● **YOUR OBJECTIVE**
Once the pictures are removed, return each record below exactly as written.

● **DATASET EXTRACT**
● ● ● ●
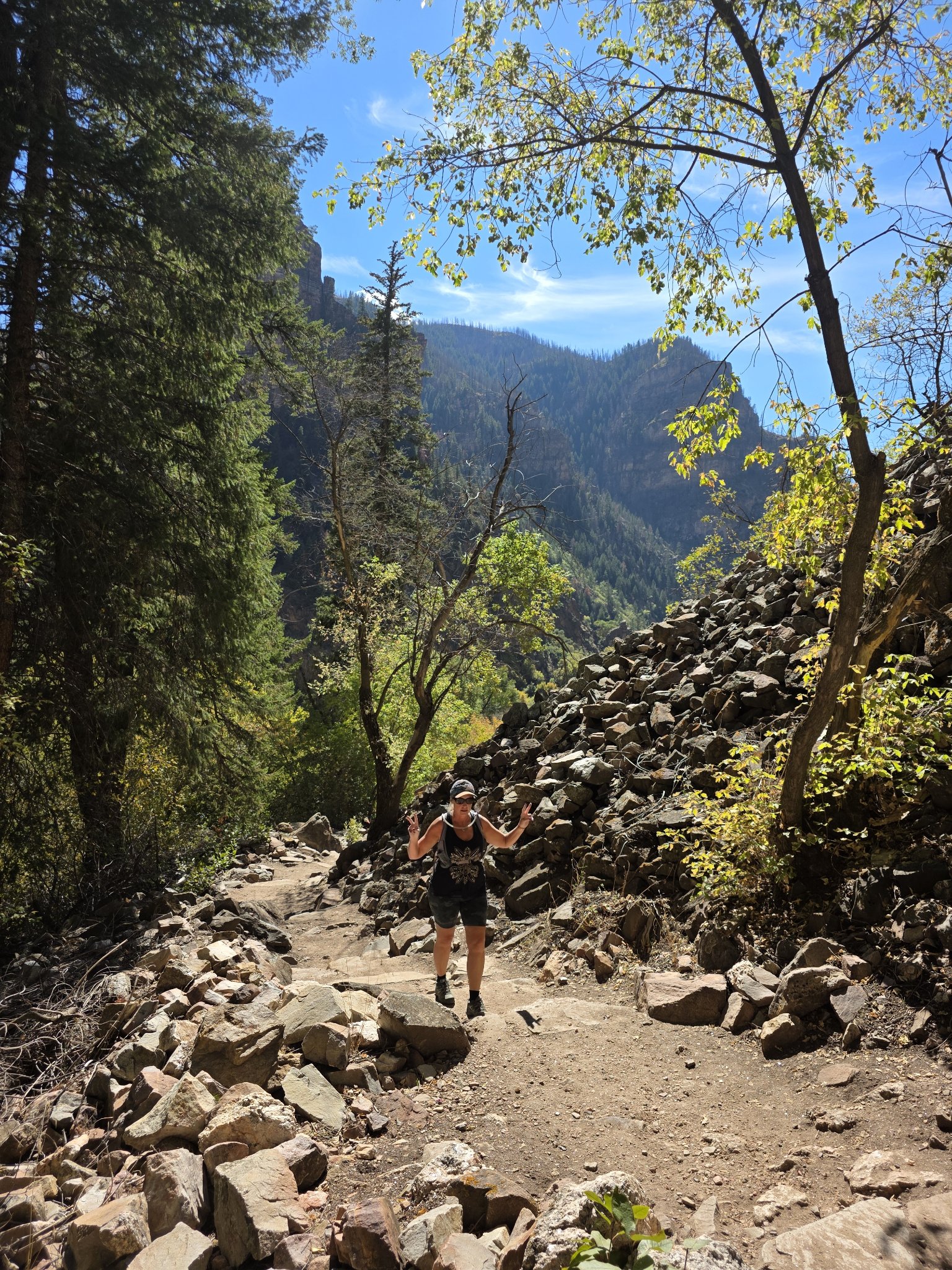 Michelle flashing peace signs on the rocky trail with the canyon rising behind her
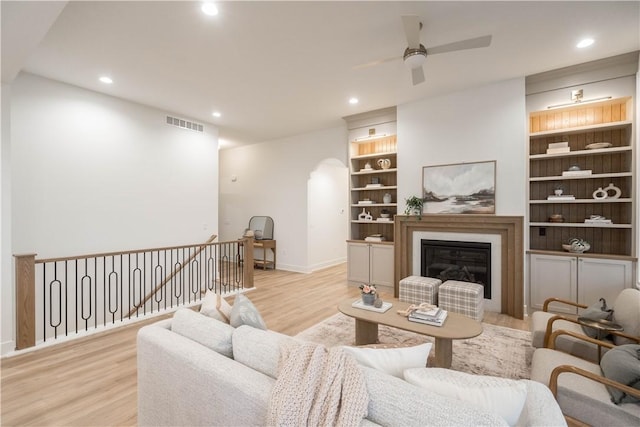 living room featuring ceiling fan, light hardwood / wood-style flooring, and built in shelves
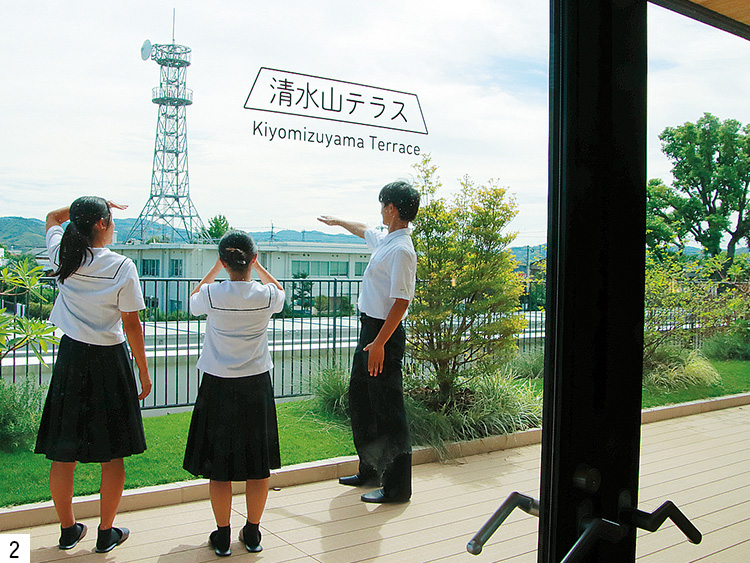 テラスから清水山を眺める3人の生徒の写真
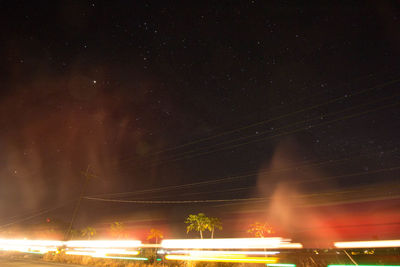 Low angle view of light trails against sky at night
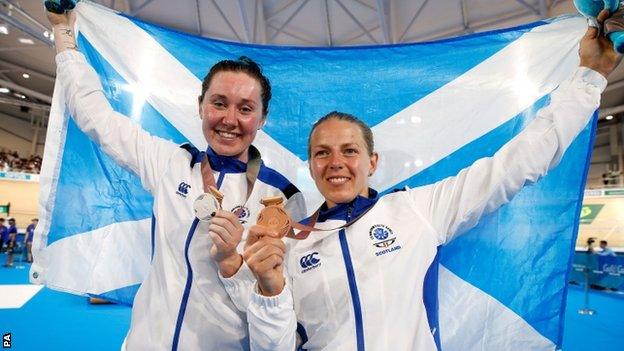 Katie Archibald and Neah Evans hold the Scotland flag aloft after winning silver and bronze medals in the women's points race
● ● ● ●
● **THE COMPLETED TASK**
 Michelle flashing peace signs on the rocky trail with the canyon rising behind her
 living room featuring ceiling fan, light hardwood / wood-style flooring, and built in shelves
 テラスから清水山を眺める3人の生徒の写真
 Low angle view of light trails against sky at night
 Katie Archibald and Neah Evans hold the Scotland flag aloft after winning silver and bronze medals in the women's points race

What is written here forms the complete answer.